With the pictures removed, the data below must be transcribed in full and exactly.

DATA SHOWN =>

•••

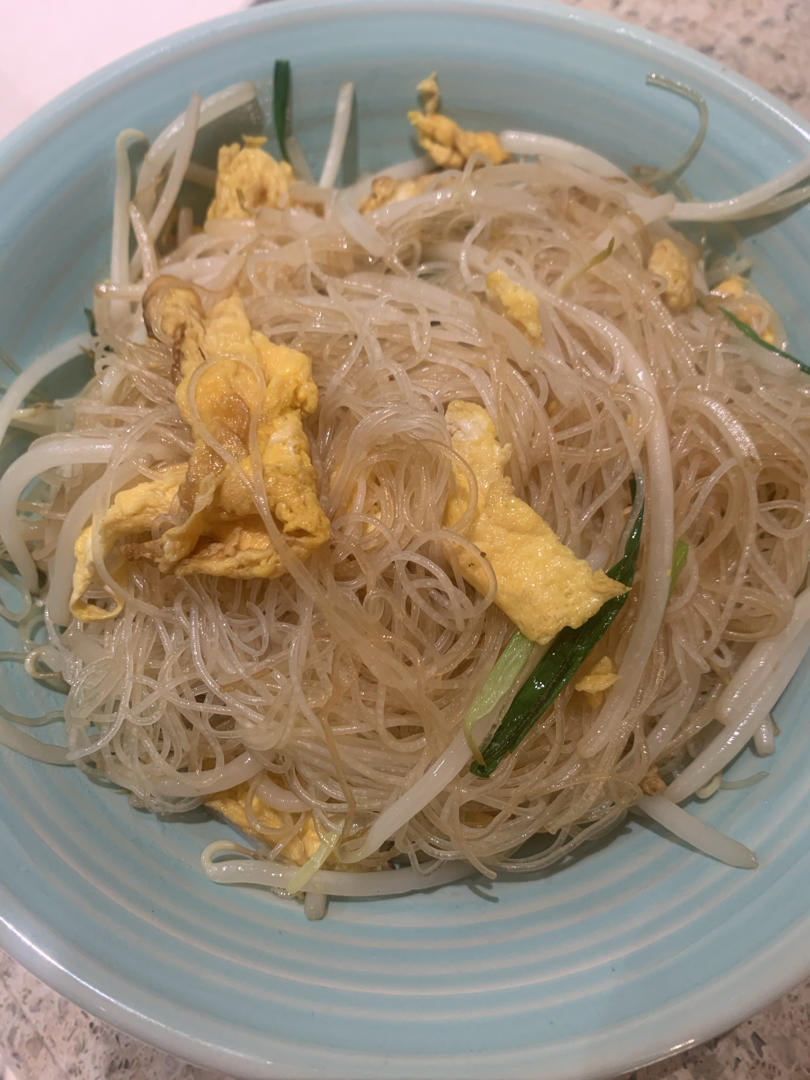 鸡蛋炒米粉，正确泡发干米粉，不碎、不坨、不粘锅、口感Q弹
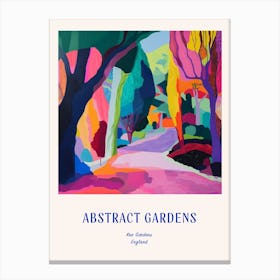 Colourful Gardens Kew Gardens United Kingdom 4 Blue Poster Canvas Print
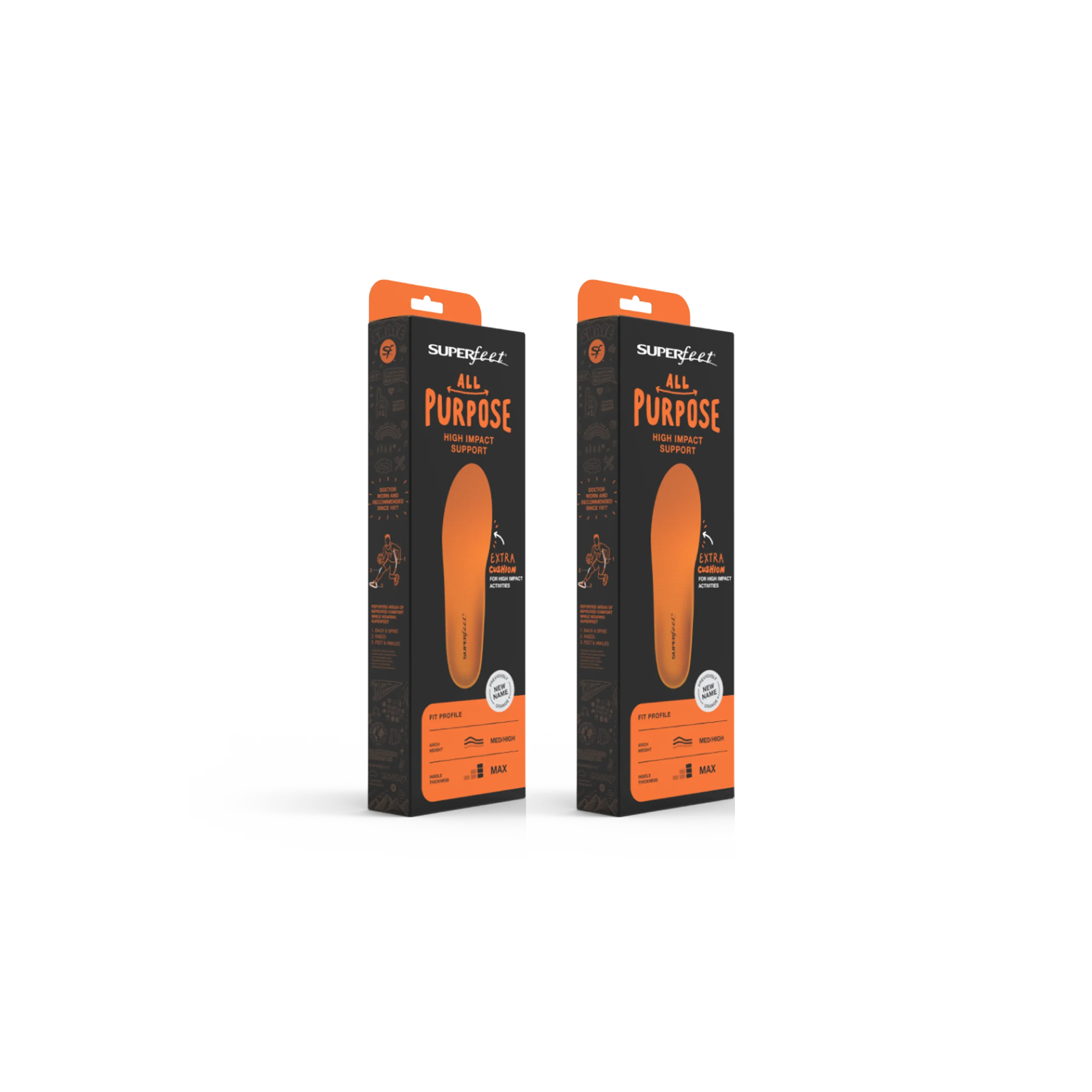 Superfeet All-Purpose High Impact Support 2-Pack 鞋墊|加拿大直送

•••

ANSWER BELOW =>
 鸡蛋炒米粉，正确泡发干米粉，不碎、不坨、不粘锅、口感Q弹
 Colourful Gardens Kew Gardens United Kingdom 4 Blue Poster Canvas Print
 Superfeet All-Purpose High Impact Support 2-Pack 鞋墊|加拿大直送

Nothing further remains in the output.